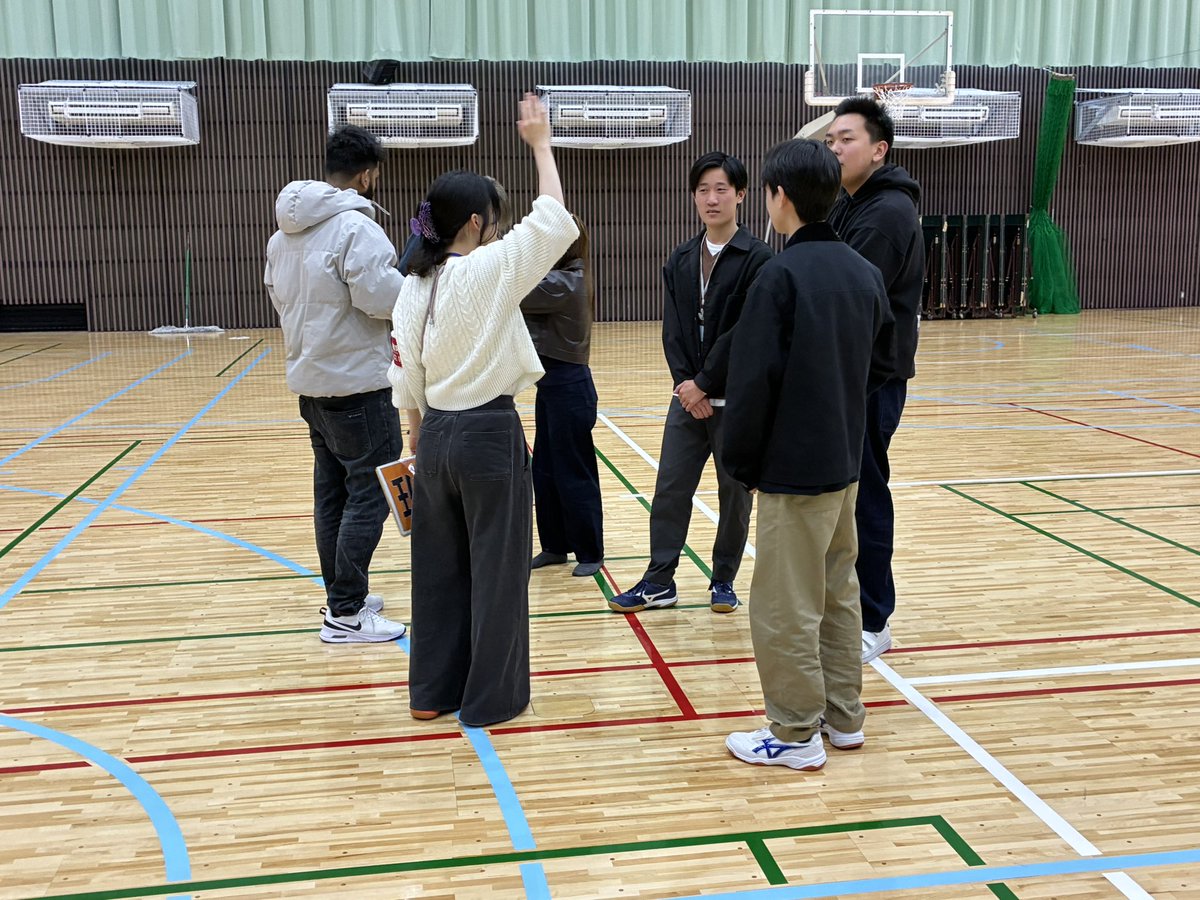 osu_sc's tweet image. 体育館で新入生向け交流イベント「Amigo」の1日目の午前の部の様子です。
ペア探しゲームなどのレクや同じ学科同士の話し合いなどを行いました！
ご参加して下さった皆様ありがとうございました🙇

#大阪産業大学 #大産大 #osu #春から大産大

_DIRECTIONS FOR THIS TASK_
Go through the listing above and write it all out exactly, leaving out any picture.

_THE ANSWER_
 osu_sc's tweet image. 体育館で新入生向け交流イベント「Amigo」の1日目の午前の部の様子です。
ペア探しゲームなどのレクや同じ学科同士の話し合いなどを行いました！
ご参加して下さった皆様ありがとうございました🙇

#大阪産業大学 #大産大 #osu #春から大産大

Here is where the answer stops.